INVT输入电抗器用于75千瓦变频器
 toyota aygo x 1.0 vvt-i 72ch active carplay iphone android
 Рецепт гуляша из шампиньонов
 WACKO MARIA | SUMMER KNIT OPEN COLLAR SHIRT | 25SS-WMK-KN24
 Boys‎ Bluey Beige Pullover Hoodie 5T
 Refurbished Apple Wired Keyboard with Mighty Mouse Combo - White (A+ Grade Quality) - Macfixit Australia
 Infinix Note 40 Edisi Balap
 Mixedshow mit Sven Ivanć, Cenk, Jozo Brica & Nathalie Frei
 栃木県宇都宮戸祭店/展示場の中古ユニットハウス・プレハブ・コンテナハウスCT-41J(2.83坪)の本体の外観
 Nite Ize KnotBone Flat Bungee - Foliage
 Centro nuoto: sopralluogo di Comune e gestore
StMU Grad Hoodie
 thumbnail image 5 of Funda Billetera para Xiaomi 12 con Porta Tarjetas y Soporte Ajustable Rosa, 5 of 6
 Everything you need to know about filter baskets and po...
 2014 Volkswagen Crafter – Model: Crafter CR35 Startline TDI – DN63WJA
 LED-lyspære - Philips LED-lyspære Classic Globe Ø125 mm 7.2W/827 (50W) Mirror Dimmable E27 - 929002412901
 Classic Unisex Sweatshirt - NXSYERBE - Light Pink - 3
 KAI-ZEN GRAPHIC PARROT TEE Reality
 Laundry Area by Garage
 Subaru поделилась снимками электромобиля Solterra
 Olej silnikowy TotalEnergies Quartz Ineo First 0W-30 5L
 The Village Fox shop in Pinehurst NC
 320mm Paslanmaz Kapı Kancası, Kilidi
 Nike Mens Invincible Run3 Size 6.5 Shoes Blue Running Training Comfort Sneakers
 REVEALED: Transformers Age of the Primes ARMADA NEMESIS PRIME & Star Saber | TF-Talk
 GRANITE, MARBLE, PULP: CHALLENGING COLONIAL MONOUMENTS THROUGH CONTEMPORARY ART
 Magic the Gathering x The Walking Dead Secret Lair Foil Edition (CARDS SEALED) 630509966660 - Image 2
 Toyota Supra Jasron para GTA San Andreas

--------

Beginning at the line above with "栃木県宇都宮戸祭店/展示場の" and finishing at the line with "Subaru поделилась снимками", return each line exactly and return nothing else.

 栃木県宇都宮戸祭店/展示場の中古ユニットハウス・プレハブ・コンテナハウスCT-41J(2.83坪)の本体の外観
 Nite Ize KnotBone Flat Bungee - Foliage
 Centro nuoto: sopralluogo di Comune e gestore
StMU Grad Hoodie
 thumbnail image 5 of Funda Billetera para Xiaomi 12 con Porta Tarjetas y Soporte Ajustable Rosa, 5 of 6
 Everything you need to know about filter baskets and po...
 2014 Volkswagen Crafter – Model: Crafter CR35 Startline TDI – DN63WJA
 LED-lyspære - Philips LED-lyspære Classic Globe Ø125 mm 7.2W/827 (50W) Mirror Dimmable E27 - 929002412901
 Classic Unisex Sweatshirt - NXSYERBE - Light Pink - 3
 KAI-ZEN GRAPHIC PARROT TEE Reality
 Laundry Area by Garage
 Subaru поделилась снимками электромобиля Solterra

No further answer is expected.